As a word, Alaska creates thoughts of independence and freedom. As a state, Alaska conjures up images of wildness, a kind of separate reckless place beyond the safety of home. This wanting to be far beyond home is the basis for The Last Settlers. In the early 1980s thousands of acres in central and eastern Alaska were opened under the federal Homestead Act. The availability of free five-acre parcels called out to those seeking beyond home. Although thousands headed to the Great Land to stake their claim, today less than 100 hold onto the wilderness property.
Brice and Mason put two families at the center of this intriguing book. The Hannans and their children settled along Dead Fish Lake in the center of Alaska. They raise their children on five acres with countless thousands as a back yard. Another family, the Spears, settled a tiny tract of land near the village of Slana in eastern Alaska. The Last Settlers is a collection of well-written essays that describe, in sometimes poetic detail, the lives of these interesting people. The photographs wonderfully capture the remoteness and hardship abundant in the far north. They also capture something else. Reality.

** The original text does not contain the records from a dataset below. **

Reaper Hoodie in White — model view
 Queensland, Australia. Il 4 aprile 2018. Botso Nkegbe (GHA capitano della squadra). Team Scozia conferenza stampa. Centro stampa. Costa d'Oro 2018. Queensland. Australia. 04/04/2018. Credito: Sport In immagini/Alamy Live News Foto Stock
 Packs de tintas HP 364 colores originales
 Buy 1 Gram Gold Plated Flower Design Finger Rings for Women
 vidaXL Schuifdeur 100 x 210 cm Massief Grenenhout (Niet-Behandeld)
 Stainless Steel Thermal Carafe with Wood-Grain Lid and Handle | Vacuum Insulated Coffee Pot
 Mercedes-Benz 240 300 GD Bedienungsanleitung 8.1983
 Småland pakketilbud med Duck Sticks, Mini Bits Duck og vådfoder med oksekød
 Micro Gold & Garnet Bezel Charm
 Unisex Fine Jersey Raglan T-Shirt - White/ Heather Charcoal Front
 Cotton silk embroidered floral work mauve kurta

One thing this book does not do is candy-coat the Alaskan frontier and the people who desire it as home. Far from glossy tourist brochures and finely directed videos, Brice and Mason cut National Geographic gloss to the bone. And the bone is both hard and wonderful. They have created a straightforward look into hardy people who chose a life filled with difficult remoteness. This is a fine collection for anyone seeking an armchair guide to wilderness settlement or those for whom home is somewhere beyond.